The fourth-longest-serving justice and the last of the moderate Republicans, appointed in 1975 by President Gerald Ford, Stevens will be remembered most for his defense of civil liberties in wartime when the temptation is to allow fear and expediency to prevail and to dismiss the niceties of the law and the U.S. Constitution.
Stevens will go down in history for his staunch defense of “habeas corpus,” the notion that any time a person is detained, the government must produce the prisoner in person and state why he or she is being detained. This has been a bulwark against arbitrary power since the Magna Carta in 1215.
During the presidency of George W. Bush, in the aftermath of the 9/11 attacks on the United States, that long-standing doctrine came under threat with indefinite detentions at Guantánamo Bay, a legal netherland where neither the U.S. Constitution nor any law applied.
Stevens drew upon his World War II experience, where he had earned a Bronze Star, to challenge the Bush practice.
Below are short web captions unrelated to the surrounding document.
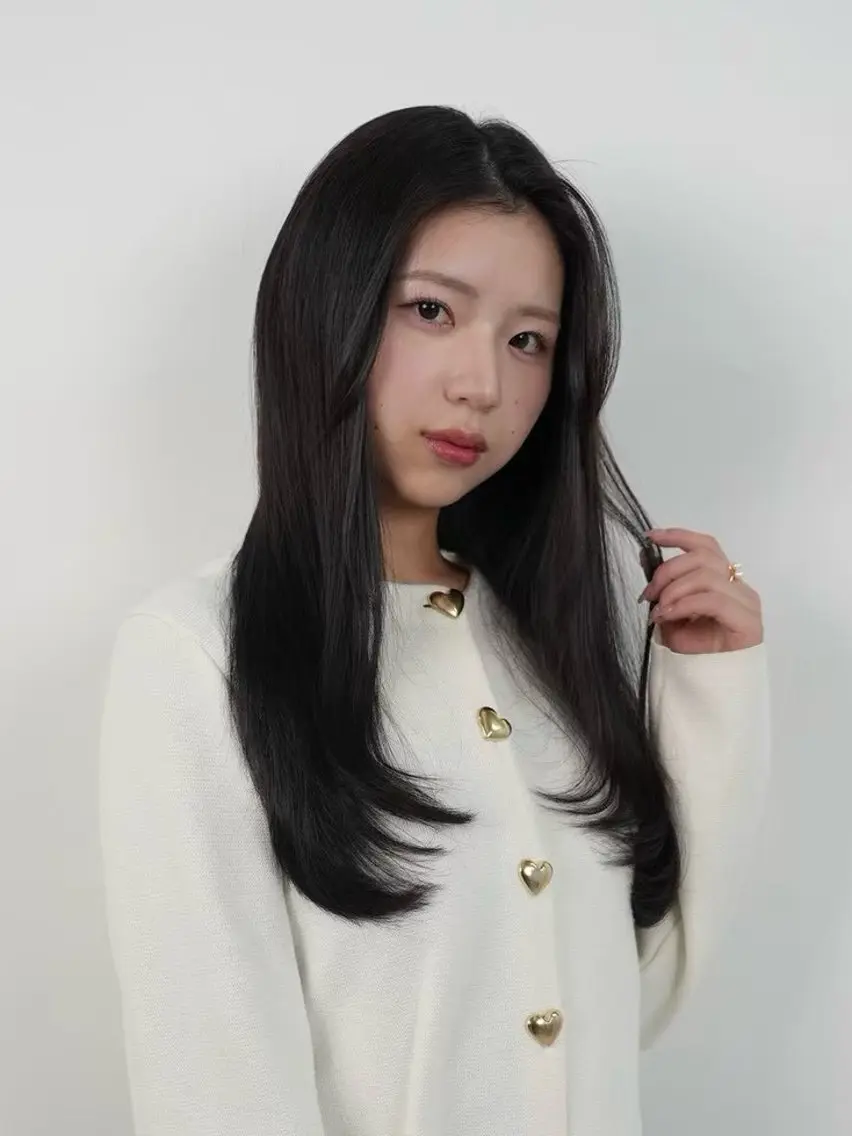 カラー 🟣niw SHUNNA🟣のヘアスタイル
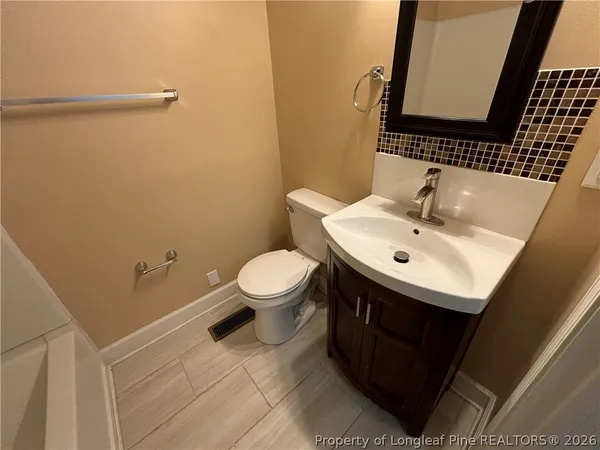 $1,350 | 931 Fleetwood Drive, Fayetteville, NC 28305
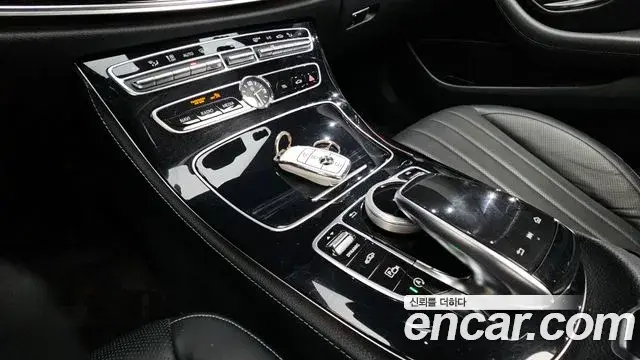 Mercedes-Benz E-Class 2018 — Photo 15/20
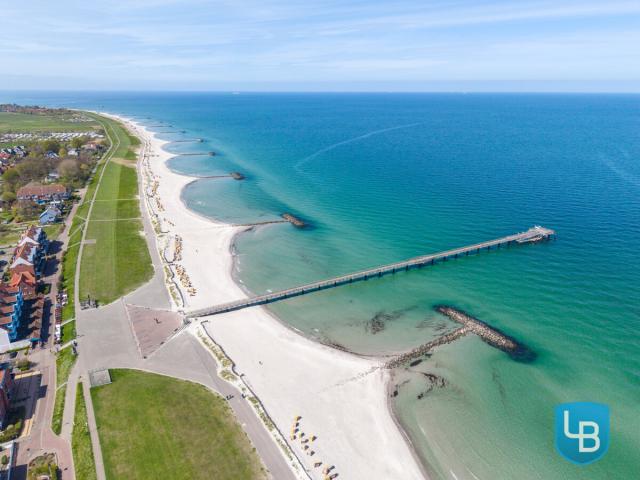 Schönberger Strand mit Seebrücke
As a clerk for Supreme Court Justice Wiley B. Rutledge after the war, Stevens had written key memos in a 1948 case on the wartime detention of 120 German-born U.S. residents, who were being held at Ellis Island even after the war.
Did they have the right to challenge their detention in a U.S. court? Stevens wrote to Justice Rutledge, “I should think that even an alien enemy ought to be entitled to a fair hearing on the question whether he is in fact dangerous.”
A half-century later, Stevens wrote the key decisions rejecting Bush administration practices in the detention of prisoners at Guantánamo Bay. In Rasul v. Bush (2004), Stevens wrote that the detainees did have the right to challenge their detention in American courts (a 6-3 decision). In Hamdan v. Rumsfeld (2006), Stevens wrote on the issue of military tribunals that “the Executive is bound to comply with the Rule of Law.”
Stevens believed, courageously during wartime, that liberty and security can be reconciled. He stood for the principle that fair process, even in wartime, is no threat to the United States.
Still spry as he approaches 90, Stevens may be around for a long time to continue defending that enduring principle.